A meeting on “The relevance of socialism today” took place at Berlin’s Humboldt University on July 5. On the podium were two philosophy professors, Axel Honneth and Christoph Menke, and two politicians, Gesine Schwan (Social Democratic Party) and Sahra Wagenknecht (Left Party).

The event centred on the presentation of The Idea of Socialism, a book by Axel Honneth, published in 2015. Honneth (66) is the director of the Institute of Social Research in Frankfurt. He is, in other words, the official head of the “Frankfurt School.”

The University’s auditorium was packed, with around 800 people in attendance. But all those who had come to hear a contribution on the evening’s official subject, “the relevance of socialism today,” were to be bitterly disappointed.

The contributions were so far removed from social reality that at times they assumed comical dimensions. A playwright seeking to convey the aloofness, class prejudice and arrogance of a German professor could not have come up with a more accurate depiction.

Honneth began by insisting that his book was “a metapolitical essay.” He was trying neither to place himself or socialism in the context of today’s conflicts, nor to review the history of the socialist movement up to its present stage, thereby gaining insights into its possible future.

Instead, what followed was a discussion about “normative ideas,” which carefully avoided drawing any connection to actually existing events or developments. The current historic levels of social inequality were not mentioned. Nor were the global financial crisis, the break-up of the European Union or the growing danger of war. An uninformed observer would have concluded that socialism arises not from the class struggle within society, but from disputes over “normative ideas” in the heads of German professors.

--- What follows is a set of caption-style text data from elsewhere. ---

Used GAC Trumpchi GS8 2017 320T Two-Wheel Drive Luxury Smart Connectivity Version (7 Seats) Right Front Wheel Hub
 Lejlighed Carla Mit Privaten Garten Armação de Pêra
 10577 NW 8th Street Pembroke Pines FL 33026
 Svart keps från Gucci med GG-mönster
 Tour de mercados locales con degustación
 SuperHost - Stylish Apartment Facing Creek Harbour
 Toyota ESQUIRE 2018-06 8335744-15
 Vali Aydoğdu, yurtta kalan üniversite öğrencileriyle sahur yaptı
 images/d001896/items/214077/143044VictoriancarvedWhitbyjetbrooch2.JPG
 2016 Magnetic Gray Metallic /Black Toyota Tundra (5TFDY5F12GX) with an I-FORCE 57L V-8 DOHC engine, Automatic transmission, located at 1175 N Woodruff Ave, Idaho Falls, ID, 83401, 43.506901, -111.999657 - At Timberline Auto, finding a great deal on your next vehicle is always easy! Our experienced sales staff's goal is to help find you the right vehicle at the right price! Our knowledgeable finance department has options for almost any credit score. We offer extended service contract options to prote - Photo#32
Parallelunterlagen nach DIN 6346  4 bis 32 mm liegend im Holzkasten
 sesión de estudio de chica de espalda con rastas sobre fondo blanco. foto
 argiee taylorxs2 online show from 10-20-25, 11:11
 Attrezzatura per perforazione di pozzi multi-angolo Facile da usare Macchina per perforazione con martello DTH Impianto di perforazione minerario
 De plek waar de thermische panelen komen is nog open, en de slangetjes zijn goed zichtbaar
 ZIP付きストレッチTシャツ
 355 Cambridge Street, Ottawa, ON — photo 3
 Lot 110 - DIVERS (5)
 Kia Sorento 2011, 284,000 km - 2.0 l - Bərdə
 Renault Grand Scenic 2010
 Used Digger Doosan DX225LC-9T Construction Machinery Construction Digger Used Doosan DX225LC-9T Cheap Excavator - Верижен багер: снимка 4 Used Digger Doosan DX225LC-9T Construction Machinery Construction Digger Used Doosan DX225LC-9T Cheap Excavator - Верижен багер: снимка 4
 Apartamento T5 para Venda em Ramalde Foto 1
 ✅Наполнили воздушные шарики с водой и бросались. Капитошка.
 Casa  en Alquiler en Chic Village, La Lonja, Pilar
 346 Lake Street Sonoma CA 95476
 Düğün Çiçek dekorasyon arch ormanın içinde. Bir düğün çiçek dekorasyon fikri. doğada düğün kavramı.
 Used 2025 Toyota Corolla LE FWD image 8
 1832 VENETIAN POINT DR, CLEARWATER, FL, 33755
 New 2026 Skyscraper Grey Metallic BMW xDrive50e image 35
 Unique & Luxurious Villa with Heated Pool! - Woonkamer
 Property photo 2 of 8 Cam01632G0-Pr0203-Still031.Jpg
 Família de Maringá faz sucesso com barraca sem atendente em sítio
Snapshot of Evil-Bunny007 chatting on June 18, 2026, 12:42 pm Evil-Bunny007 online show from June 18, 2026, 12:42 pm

The discussion offered Schwan and Wagenknecht the opportunity to paint their own parties’ reactionary politics in the rosiest of colors. After all, when the SPD implemented its Agenda 2010 social welfare cuts and the Left Party decimated public services in the state of Berlin, they were both putting into practice the normative idea of “democratic socialism.” Schwan, herself a philosophy professor and a member of the SPD’s basic values commission, is well acquainted with this form of doubletalk.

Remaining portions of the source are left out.